How it spreads at home:
- Walking barefoot on the same bathroom floor or carpet
- Sharing slippers or shoes
- Sharing towels
- The fungus survives in washed socks, bath mats, and even nail clippers
- Shared shower floors are one of the most common transmission sites
So what has likely happened in your family: one person (possibly your grandfather first) got it, and over years it spread through the home - both through direct contact AND because the family genetically finds it harder to clear. - Andrews' Diseases of the Skin
Reason 3: Your Grandfather's Nails Are Harder - Age Makes It Worse
The fact that your grandfather's nails are described as very hard is also expected. Onychomycosis gets significantly worse with age:
- Nails naturally grow more slowly with age, giving the fungus more time to establish
- Blood circulation to the feet decreases with age
- The immune system weakens with age
- Years of untreated infection leads to more severe thickening (called subungual hyperkeratosis)

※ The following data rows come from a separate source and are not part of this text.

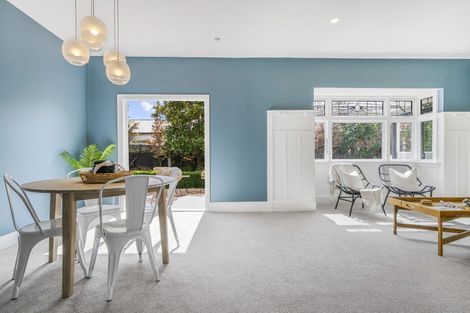 Photo of property in 167 Centaurus Road, Saint Martins, Christchurch, 8022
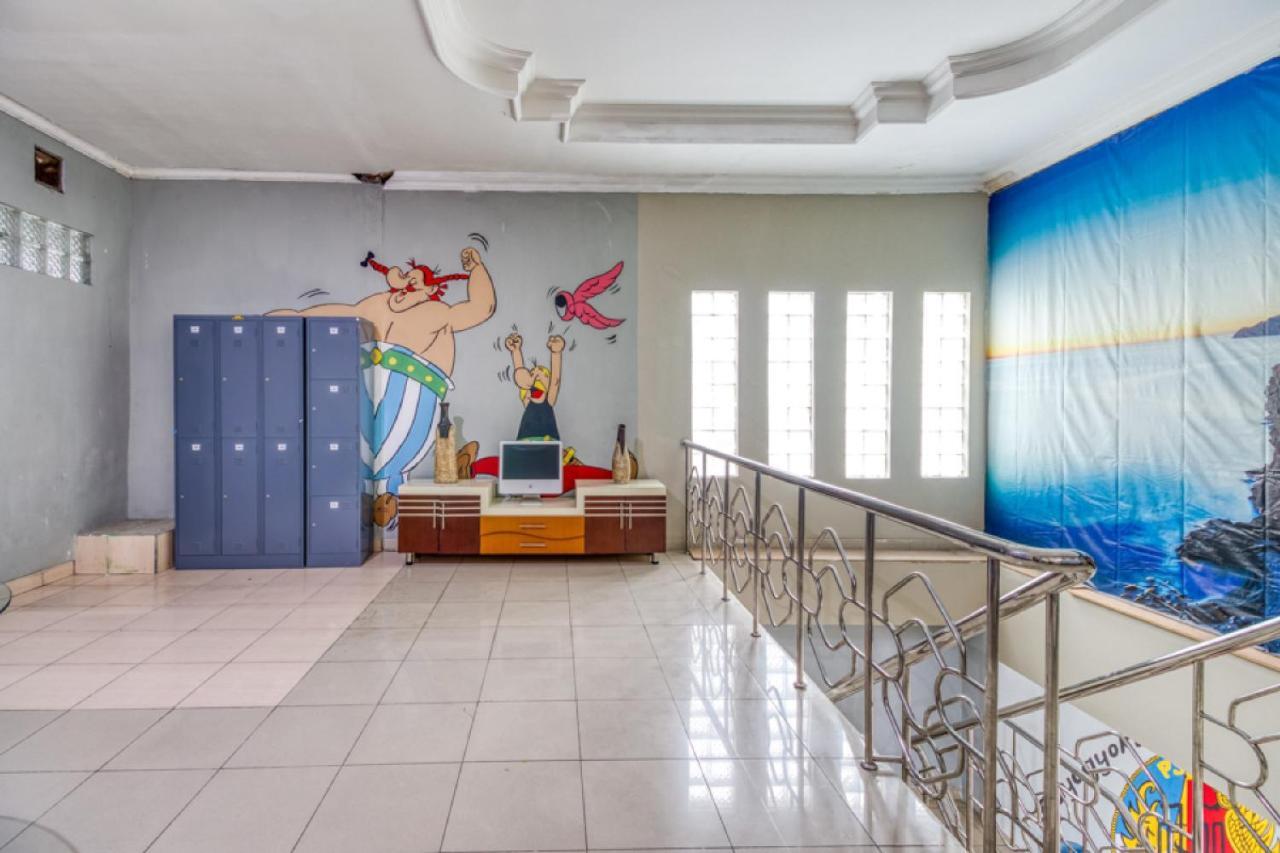 RedDoorz Hostel near Stadion Mandala Krida Yogya Yogyakarta Exterior foto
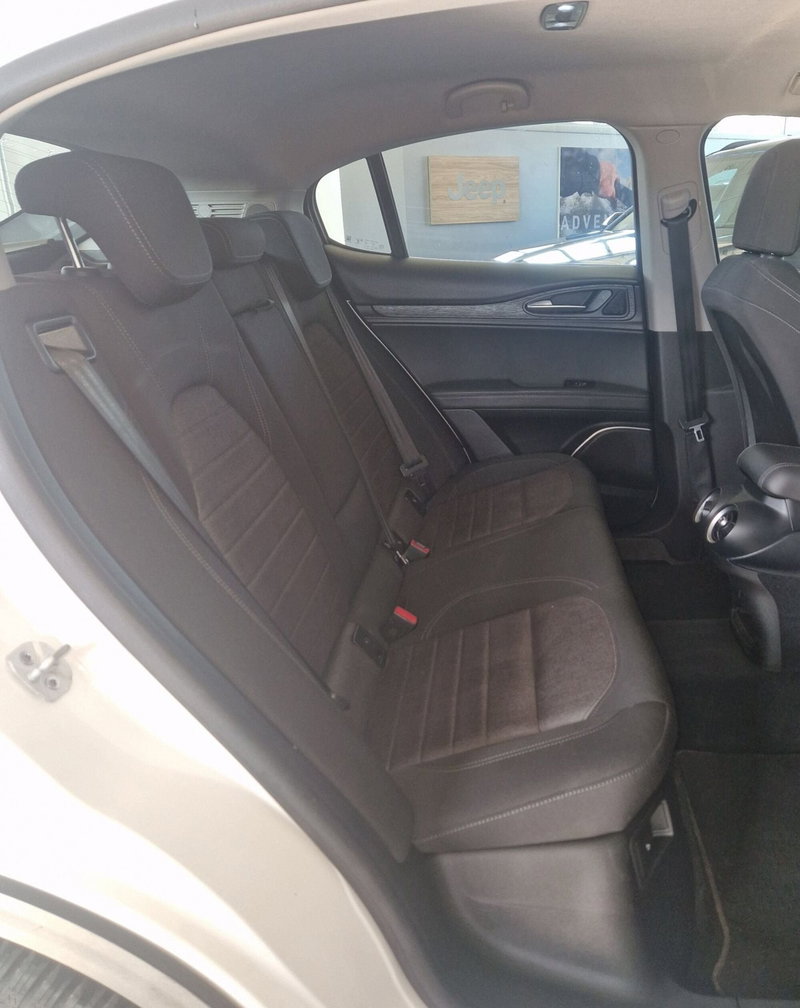 Alfa Romeo Stelvio usata a Terni (9)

Prevalence of onychomycosis is highest in people over 65 years of age, and in older individuals the nails can become extremely thick, hard, curved, and discolored - sometimes resembling a ram's horn (a condition called onychogryphosis).
What This Means for Your Family - The Most Important Part
All three of you need treatment at the same time.
This is critical. If only one person treats it and the others don't, the treated person will almost certainly get re-infected from the untreated family members through the shared home environment. This is one of the most common reasons the condition keeps coming back.
Family Action Plan:
| Action | Details |
|---|
| All three see a doctor together | Get all three confirmed and treated simultaneously |
| Disinfect the bathroom floor | Use a dilute bleach or antifungal spray on floors weekly |
| Wash all bath mats | At 60°C or higher - the fungus survives cold washing |
| Never share nail clippers | Each person needs their own, cleaned with alcohol after use |
| No shared slippers or towels | Each person has their own |
| Treat the inside of shoes | Use antifungal powder or spray in everyone's shoes |
| Replace old shoes | Old shoes harbor fungal spores and cause re-infection |
| Wear flip-flops in the bathroom | Especially in shared bathrooms |
Special Note for Your Grandfather
Because he is older and his nails are very hard, his treatment may be more challenging:
- His doctor may need to mechanically thin the nails before medications can penetrate
- Oral terbinafine is generally safe in older adults but liver function should be checked first
- The treatment course may need to be longer
- Nail avulsion (removal) or laser therapy may be considered if oral treatment is not tolerated
The good news is that treating the whole family together is the single most important step to stop this cycle for good. Without that, re-infection will keep happening no matter how well each individual responds to treatment.